A National Contravention List has been established to deal with all contravention applications filed in the Federal Circuit and Family Court of Australia (FCFCOA) from 1 September 2021. Please refer to Family Law Practice Direction – National Contravention List for further information about what documents to file with this form and details about the National Contravention List.
NOTE: You cannot eFile this type of application. This form and any supporting documents must be filed by email to firstname.lastname@example.org.
You should complete this form if you want to seek an order from the Court imposing a punishment or another consequence on a person for the breach of a Court order.
It is used for an application alleging a breach of a parenting order under Division 13A of Part VII of the Family Law Act 1975, or an order not affecting children, for example a financial order under Part XIII of the Family Law Act 1975.

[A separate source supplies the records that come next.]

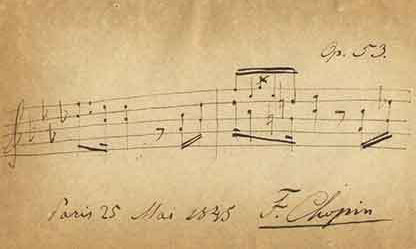 Image: “Autograph Musical Quotation Signed of Frederic Chopin Op.53 Polonaise.”, May 25th, 1845.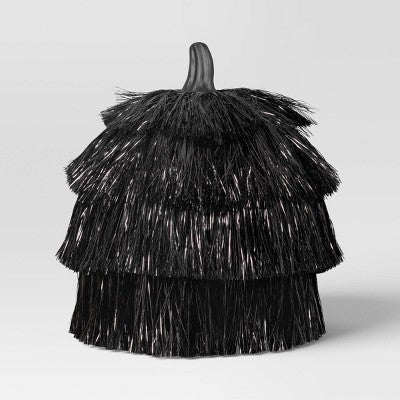 Large Fringed Pumpkin Figurine - Hyde and EEK! Boutique Black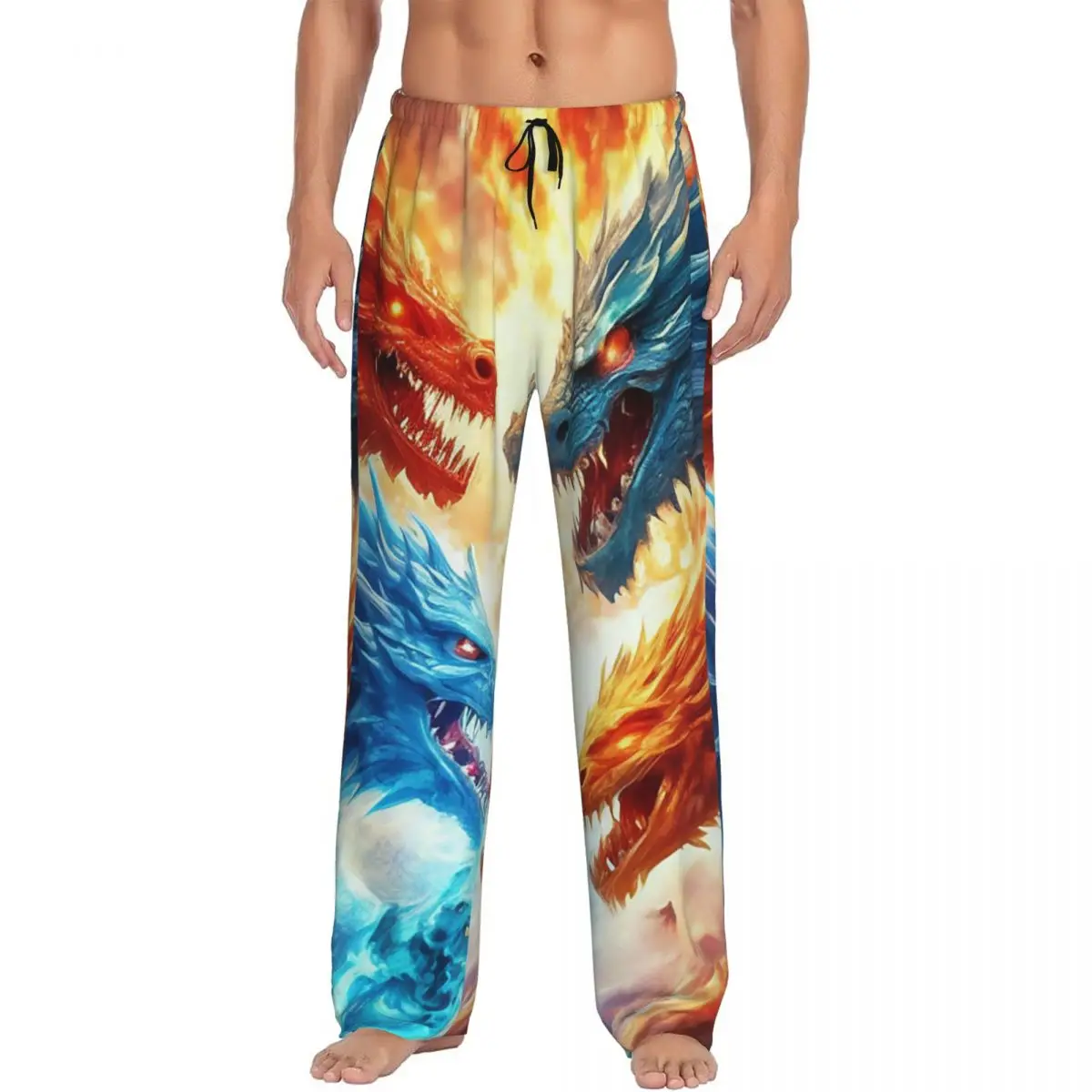 Custom Colorful Mythical Dragon Print Pajama Pants Men Sleepwear Sleep Lounge Bottoms with Pockets
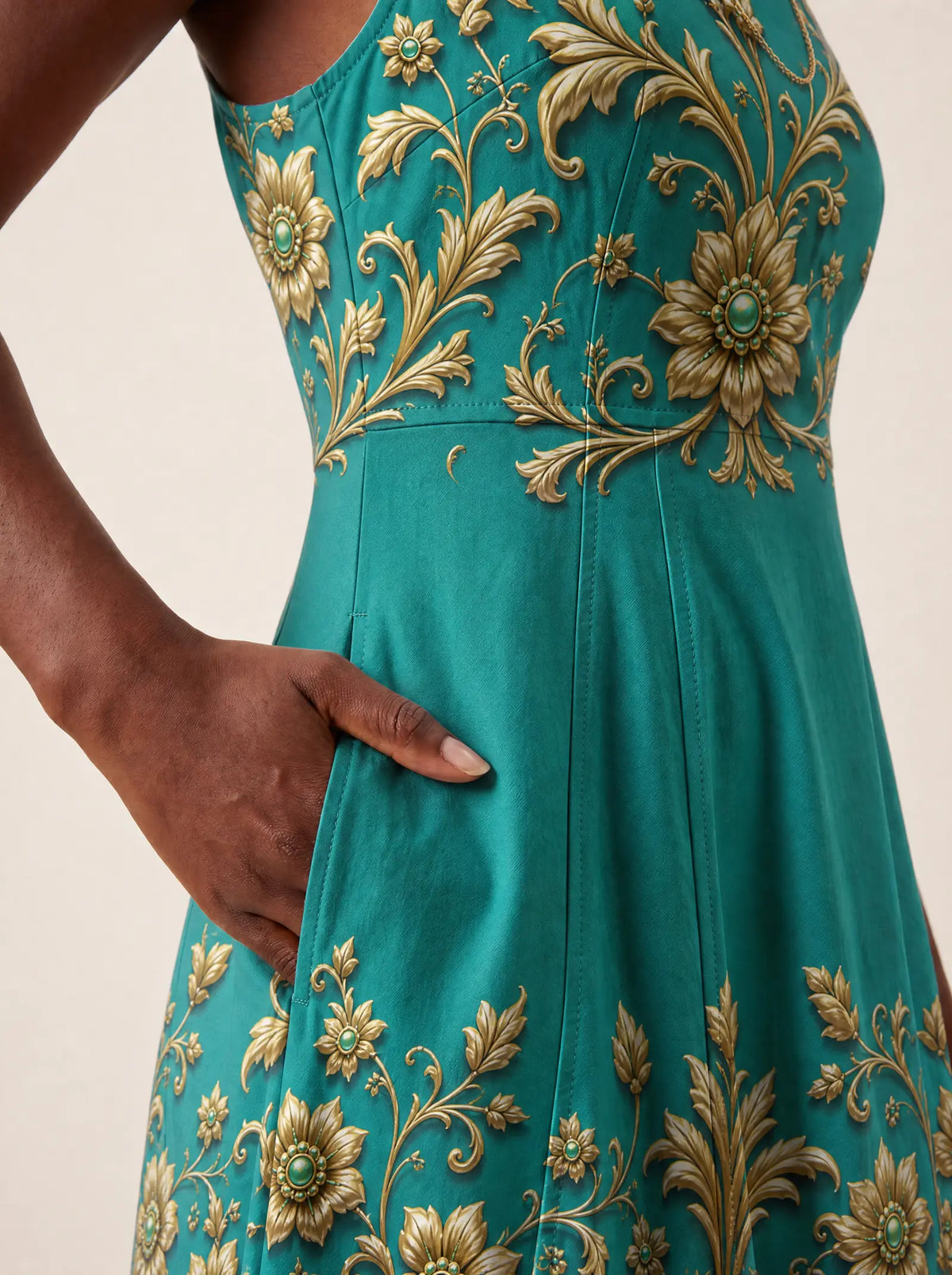 "Heshima" V Neck Midi Dress — back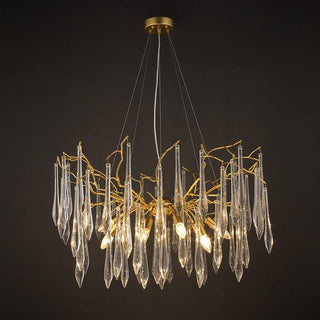 Lustra Lustre Branches Cristal Suspension Sculpturale Artistique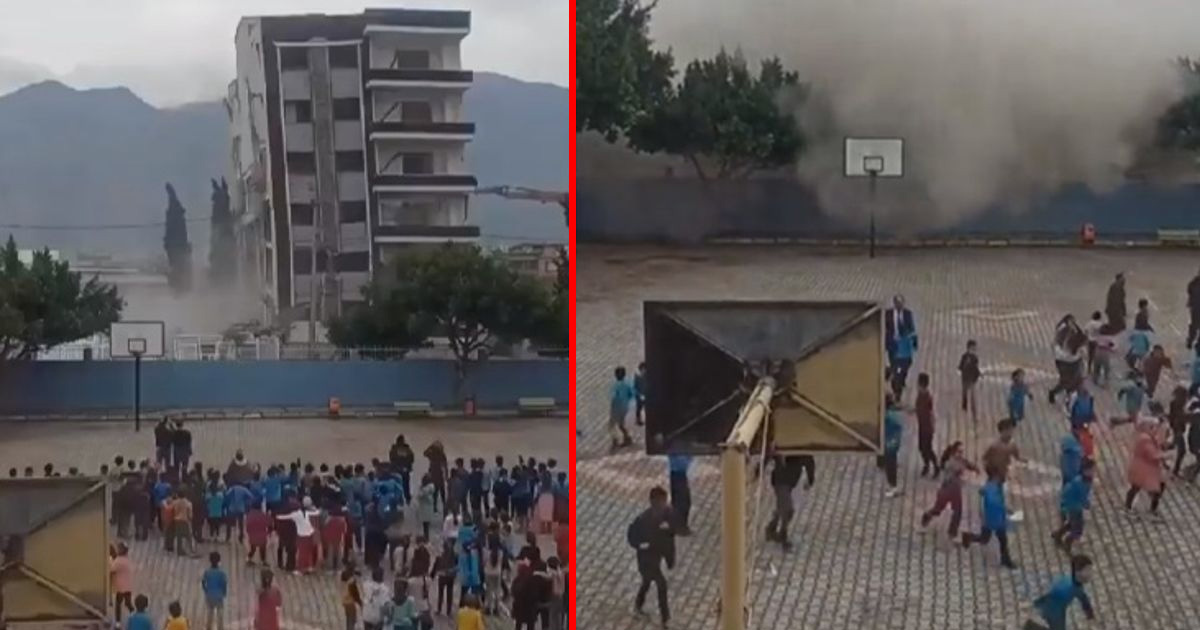 Yaşananlar büyük tepki çekti! İskenderun'da okul bahçesinden yıkımı seyrettirdiler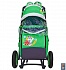 Санки-коляска Snow Galaxy - City-1-1 - Серый Зайка, цвет зеленый на больших надувных колесах, сумка, варежки  - миниатюра №3
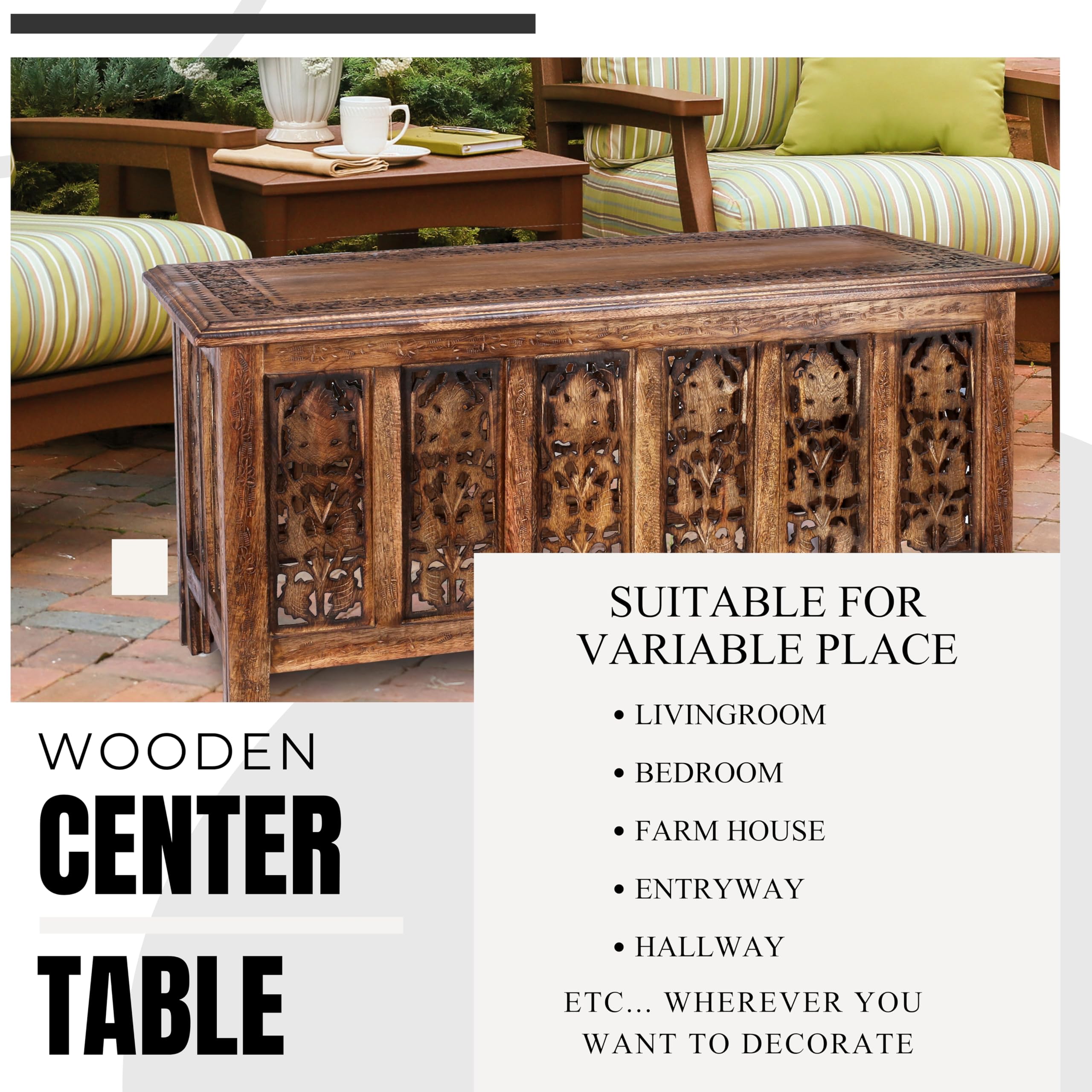 Modern Rectangular Wooden Coffee Table 36x18 Inch - Burnt Finish Living Room Center Table, Entryway Console Table for Magazines, Books & Plants | Perfect for Small Spaces, Apartments & Cozy Home Decor
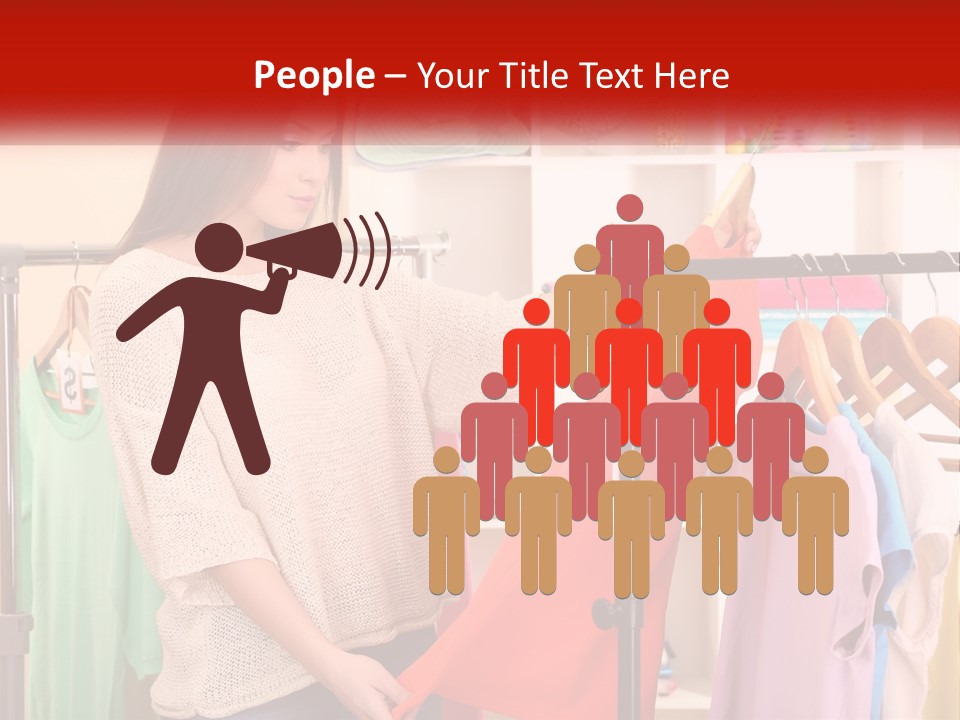 A Woman Looking At Clothes On A Rack PowerPoint Template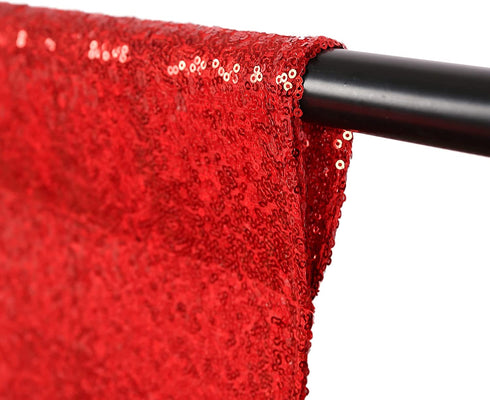Kmhesvi Red Sequin Backdrop Curtains - 2 Panels 2.5x8.5Ft Photography Background Red Glitter Backdrop Curtains Sparkly Birthday Baby Shower Wedding Party Background Decorations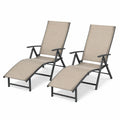 Lot de 2 chaises longues pliables en aluminium et tissu textilène beige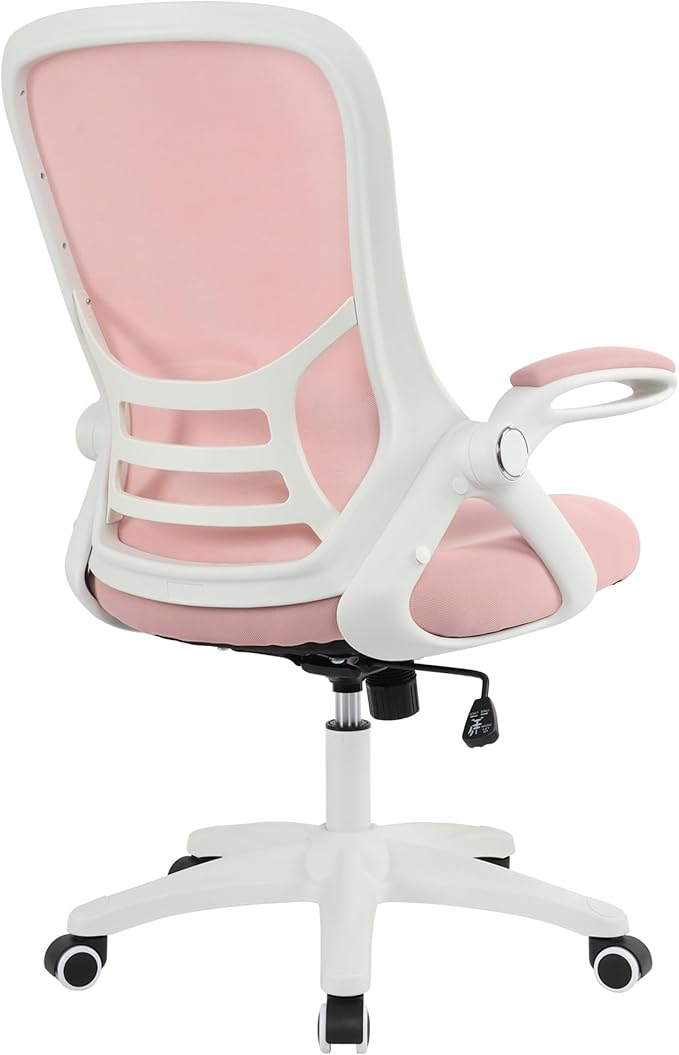HYLONE Office Chair Ergonomic Desk Chair with Adjustable Armrests, Mesh Executive Chair, Home Office Computer Chairs for Long Hours(Pink)-DeskLoop Office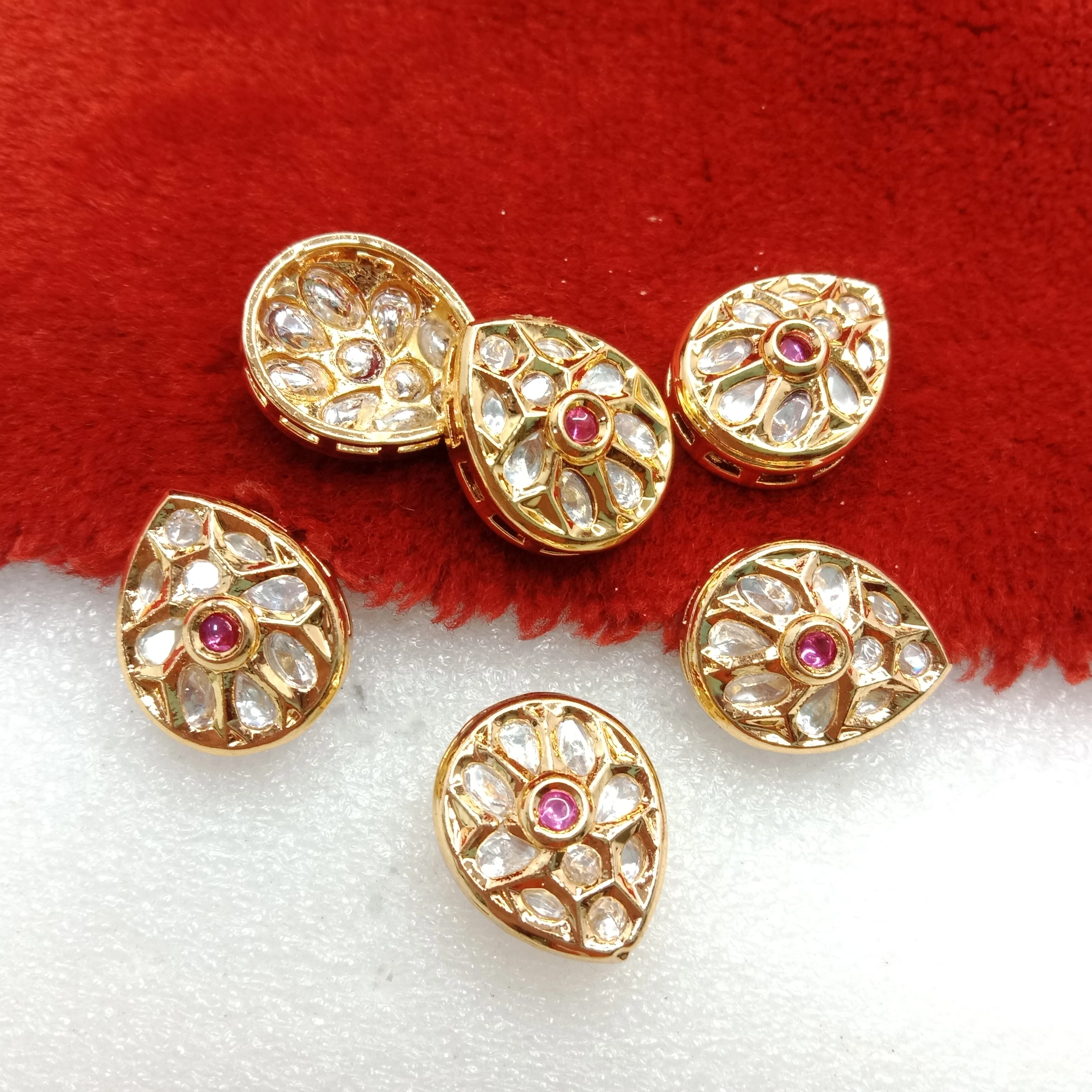 Dark pink (6pcs) high quality drop shape kundan connectors 20mm(2cm)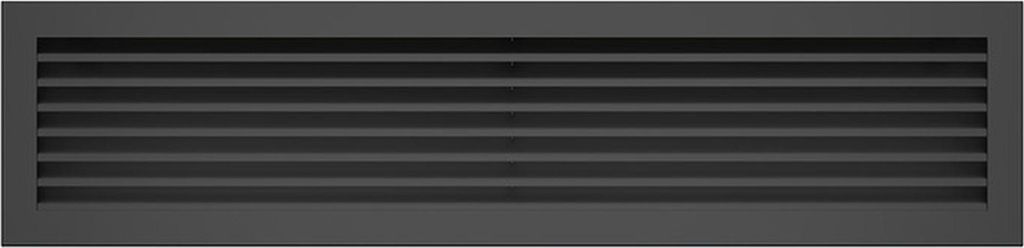 Kaminlüftungsgitter Schwarz FLAT 17x70 cm – Lüftungsgitter für Kamin, Ofen oder Wand – Metall, rechteckig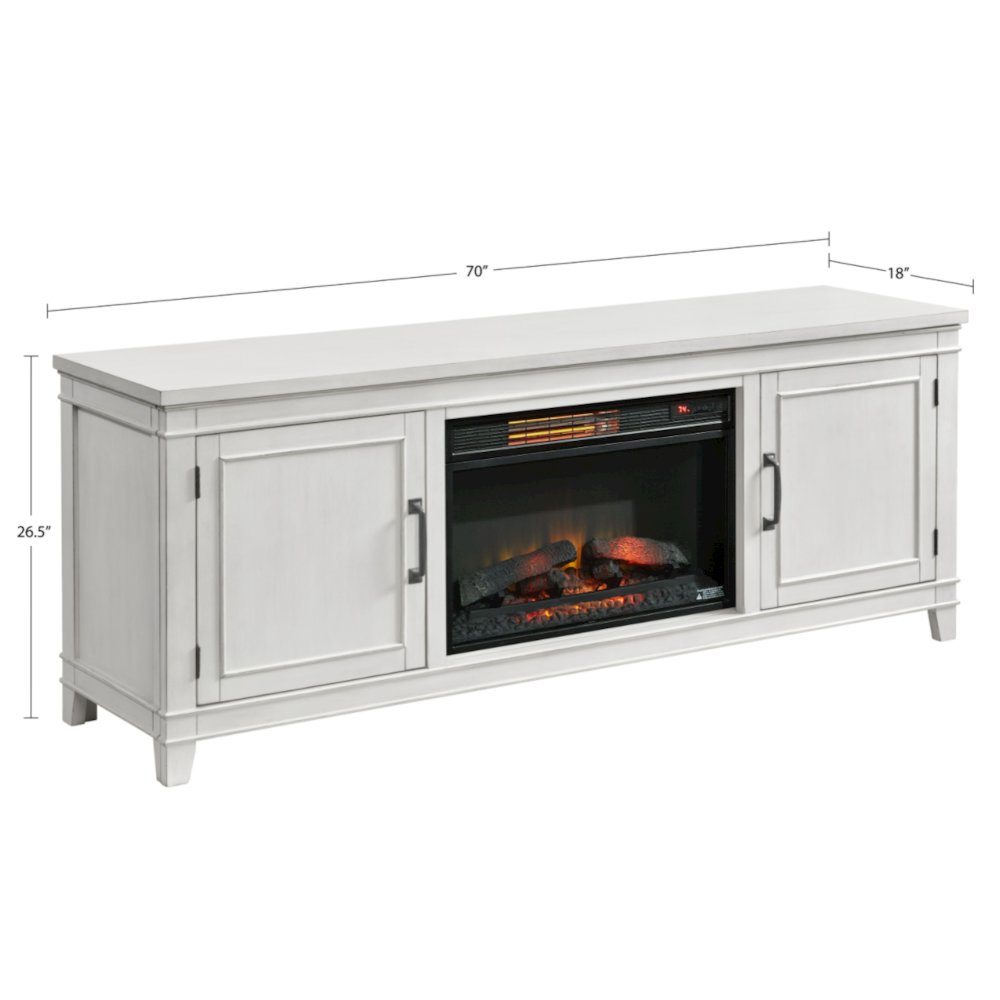 Martin Svensson Home Del Mar 70" TV Stand with Electric Fireplace, White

Before filing an Application - Contravention, you should consider the result that you want to achieve. The remedies available from the Court range from the enforcement of an order to the punishment of a person for failure to obey an order. For example, the Court may make an order that:
- ensures the resumption of the arrangements set out in an earlier order;
- compensates a person for lost contact time;
- varies an existing order;
- puts a person on notice that if the person does not comply with an order, the person will be punished;
- or punishes a person by way of a fine or imprisonment.
If you don't actually want the other party punished (eg. fined or imprisoned) for the breach but rather want to ensure the resumption of the arrangements set out in an earlier order, you should file an Application – Enforcement rather than an Application – Contravention.
Have you read the Compulsory Dispute Resolution brochure? If you are considering filing an application for parenting orders, please read the brochure first. Failure to do so may result in your application not being accepted for filing.
To understand your legal rights and responsibilities you should obtain legal advice before filing an Application – Contravention. A lawyer can explain how the law applies to your case and assist you to complete forms and lodge documents. The Court is unable to provide legal advice because to do so would seriously compromise its ability to impartially determine your case. There are several free services available. See Find a Lawyer for more information.
Number of copies of the form for filing, service and yourself
The completed and signed original of the form is to be emailed to the Court at email@example.com. Before you email it you must retain a copy for your own records.
What you file with this form
- The order, agreement or undertaking that you allege has been breached.
- An Affidavit – Family law and child support.
- A valid s.60I certificate or (if seeking an exemption from the dispute resolution process). s.60I certificates are valid for 12 months from the latest family dispute resolution or attempted resolution - see r.26(1) of Family Law (Family Dispute Resolution Practitioners) Regulations 2008.
If your application relates to an existing order that was made within the last 12 months and there are reasonable grounds to believe that the person who has allegedly contravened the order has behaved in a way that shows a serious disregard for his or her obligations under that order, you should file an Affidavit of Non-Filing of Family Dispute Resolution Certificate.
Who you serve
How you serve this form
By personal service, after you have received sealed copies from the Court.
The Service Kit provides instructions on how to do this.
What is filed in response
There is no form to respond to an Application - Contravention, however the other person may file an application seeking a variation of the order that it is alleged has been breached.
The relevant legislation is Chapter 11 of the Federal Circuit and Family Court of Australia (Family Law) Rules 2021.
The Application in a Proceeding gives more information about an urgent application or an application during a case.
In completing a Court form, you must
Complete the form by typing or hand printing in ink.